Stratified sampling is a statistical method used when the population is heterogeneous, or diverse, but can be partitioned into different subgroups or strata that are more homogeneous. Each subgroup is a stratum (plural: strata), and ideally, there is less variation within each stratum than across the whole population.
Stratified sampling works by dividing the population into distinct groups based on characteristics such as age, income, education level, race, or geographic location. A separate simple random sample is then drawn from each stratum. This method aims to ensure that each subgroup is adequately represented in the sample, which can provide a more accurate representation of the population as a whole.
Here are the steps involved in stratified sampling:
1. **Identifying Strata**: The first step in stratified sampling is to identify the different strata. This could be based on a variety of factors like demographic characteristics, geographic location, socioeconomic status, etc.

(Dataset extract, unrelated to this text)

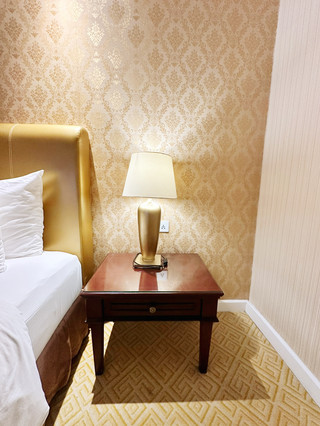Kenyamanan Ramping – Kamar Mandi & Lemari Hotel Adimulia Medan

2. **Determining Sample Sizes**: Once the strata are identified, you need to determine the size of the sample from each stratum. This could be proportional (i.e., the size of the sample from each stratum is proportional to the size of the stratum in the population) or equal (i.e., the same number of observations is taken from each stratum, regardless of the size of the stratum in the population).
3. **Sampling**: Then, a simple random sample is drawn from each stratum. This ensures that each member of the stratum has an equal chance of being selected in the sample.
4. **Data Analysis**: The final step is to analyze the collected data. When analyzing the data, it is essential to take into account the stratified design.
Stratified sampling can provide more precise estimates than simple random sampling, especially when the strata are well-defined and truly represent distinct subsections of the population. It ensures that groups which could be overlooked in a simple random sample get representation in the study.